SSB’ Executive Director Colin Young explained the reason for the proposed changes to the media who will help share this information with their audiences and the wider public, at a media mixer at the Belize Biltmore Plaza Hotel in Belize City on Wednesday, September 6.
Simply put, expenditure has exceeded contributions, and this deficit is growing to a point where by 2021, it will become unsustainable. In 2014 the $73.6 million paid out in benefits exceeded the $72.1 million in workers’ contributions by $1.5 million. In 2015, the $78.5 million in benefits paid out exceeded the $77.3 million in contributions by $1.2 million. Last year the $82.8 million in benefits paid out exceed the $80.1 million in contributions by $3.4 million. This year, the deficit is expected to grow to $11.4 million as benefits are expected to exceed $93.2 million, but contributions are trending towards $81 million by the end of the year. Benefits have been increasing, while contributions are tapering off.
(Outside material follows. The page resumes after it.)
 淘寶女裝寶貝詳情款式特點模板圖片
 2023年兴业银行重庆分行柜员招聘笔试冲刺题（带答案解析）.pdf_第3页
Young said the reason this has happened is that over the past 35 years that the SSB scheme has been operating, the country’s population has gradually aged. The ratio of the number of retirees collecting pensions, to the number of contributing workers, has gradually increased. This is because with improved health care, the mortality rate has decreased and life expectance has increased, the average Belizean at birth is now expected to live to 72/75 years of age.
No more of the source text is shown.